Data shown:
########################################
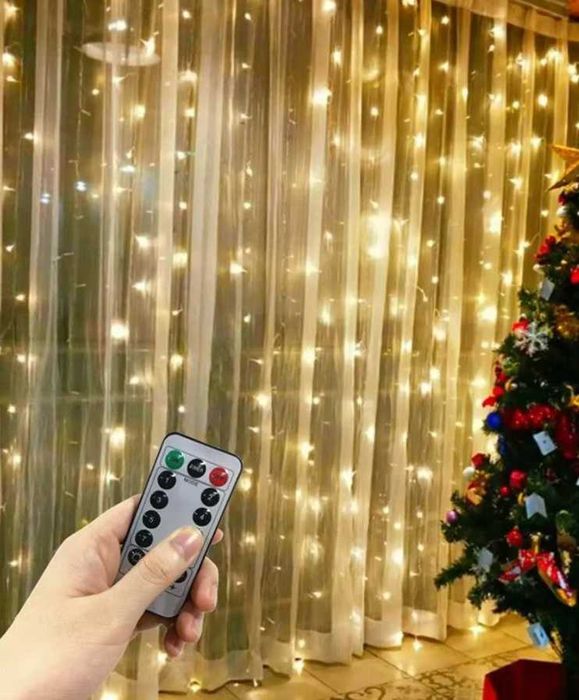 Kurtyna świetlna na okno. LAMPKI ŚWIĄTECZNE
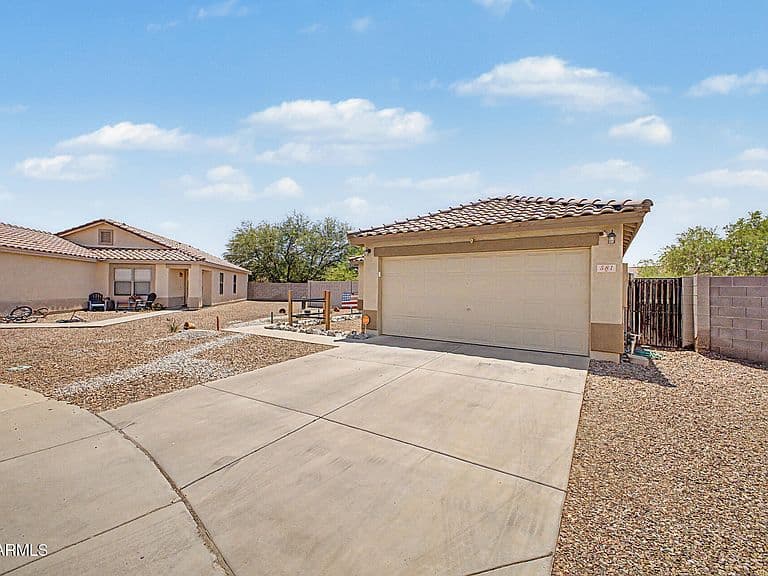 581 W JARDIN Loop photo 3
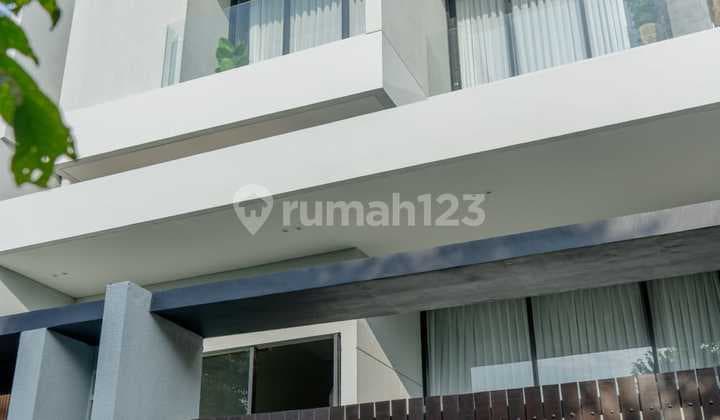 Brand New 3 Storeys Ocean Villa At Peactu For Sale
########################################
What the task requires: Reproduce the lines above exactly, please, but not the pictures in them.

Output below:
 Kurtyna świetlna na okno. LAMPKI ŚWIĄTECZNE
 581 W JARDIN Loop photo 3
 Brand New 3 Storeys Ocean Villa At Peactu For Sale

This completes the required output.